ITV – Você assiste aos programas infantis atuais?
MA – Assisto. Principalmente os bons. Os ruins eu só vejo por necessidade profissional.
As emissoras comerciais produzem ótimos e péssimos programas infantis. O que entristece é a desproporção. A quantidade destes últimos, isto é, programas sem o menor respeito às crianças, vistas só como consumidoras de produtos – e estimuladas a pressionar os pais a comprarem isso ou aquilo – é grande demais. E quando os pais não podem? É muito cruel!
ITV – Eu falava sobre as pessoas que sempre recordam do programa, mas você acha que falta zelo por parte das emissoras com a memória da nossa televisão?

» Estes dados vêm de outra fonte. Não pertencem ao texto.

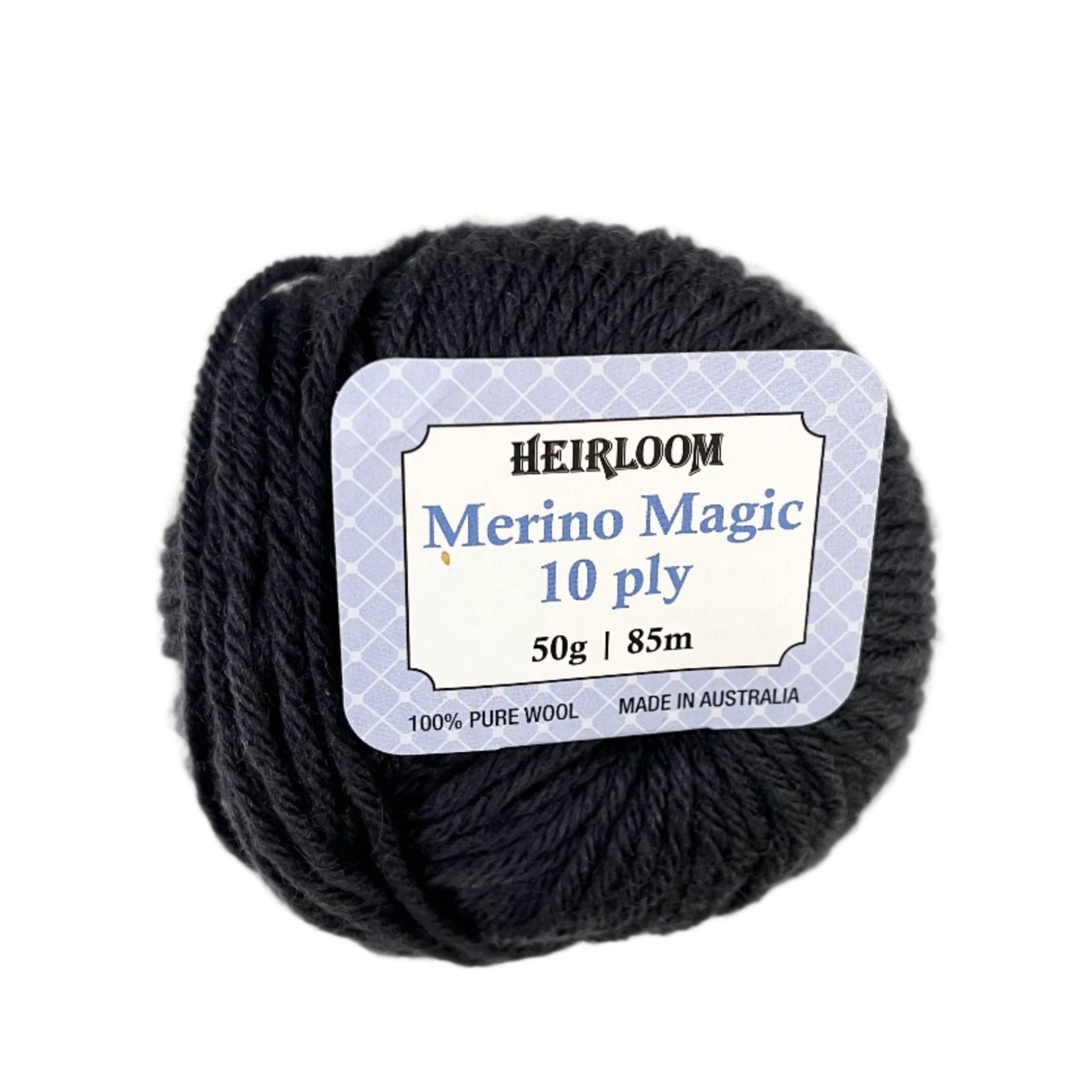 HEIRLOOM - Merino Magic 10ply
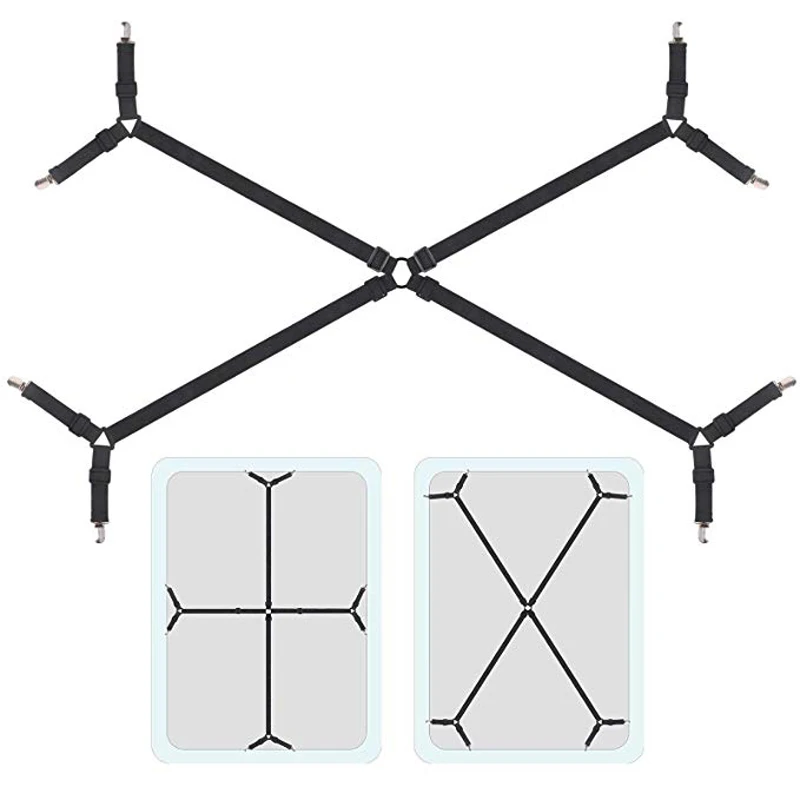 https://ae01.alicdn.com/kf/H3d3fc94627f441c7a41efc083ce03b74e/Crisscross-Adjustable-Bed-Fitted-Sheet-Straps-Suspenders-Gripper-Holder-Fastener-Clips-Clippers-Kit-Home-Textiles-Organize.jpg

MA – Falta memória, sim. Apaga-se muita coisa por economia. As emissoras não dispõem de estoque ilimitado de fitas de videoteipe. Aí, a vantagem econômica da regravação se volta contra o público de hoje e contra a sociedade de amanhã. Conservar alguns programas traz uma complicação: Quais? Com que critério? Porque é claro que não se pode preservar tudo!
Eu acho, modestamente, que tenho uma boa solução:
Pensando para o futuro, sugiro uma parceria entre as emissoras com o Governo e com as escolas de comunicação para a criação de uma espécie de CONDEPHAT do Rádio e da TV. Funcionaria assim: todo programa considerado importante seria “tombado” como patrimônio cultural do Brasil. As emissoras não teriam que arcar nem com os custos dessa preservação – que seria absorvido pelo Estado – e nem com o trabalho – que ficaria a cargo de estudantes e professores de Rádio e TV. Estes atuariam tanto na avaliação e escolha dos programas a serem preservados, quanto na própria operação do sistema. Que tal? Talvez alguém com algum poder político bem pudesse apoiar essa minha proposta, hein?…
ITV – Nesses anos todos de televisão, ficou alguma mágoa do “meio televisivo”?
MA – O ambiente da TV é competitivo demais. Ótimo campo para estudos sobre a vaidade humana. Ali, não é raro a esperteza vencer o talento. Pessoas sem caráter, falsidade, hipocrisia e “puxadas de tapete” existem em qualquer lugar, não são um privilégio nem do rádio nem da TV. A questão é de volume. Digamos que o número de velhacos por metro quadrado seja maior. Gente que passaria por cima da própria mãe para subir na carreira. Noves fora as bajulações, fofocas, maledicências… Do lado de lá da telinha tem muito pão bolorento. Justamente por isso é que devemos valorizar ainda mais aqueles que conseguem sobreviver íntegros, éticos, dignos. As flores no pântano. Não são poucos. E são essenciais.
ITV – Amadei, muito obrigado pela entrevista. E eu gostaria que você deixasse uma mensagem para o pessoal do InfanTv.
MA – Ah!… Mas eu também gostaria de receber uma mensagem: marcelo.amadei@terra.com.br.
Já viram aqueles adesivos no vidro de alguns carros que dizem: consulte sempre um advogado?… A minha mensagem é: consultem sempre a criança que mora dentro de vocês!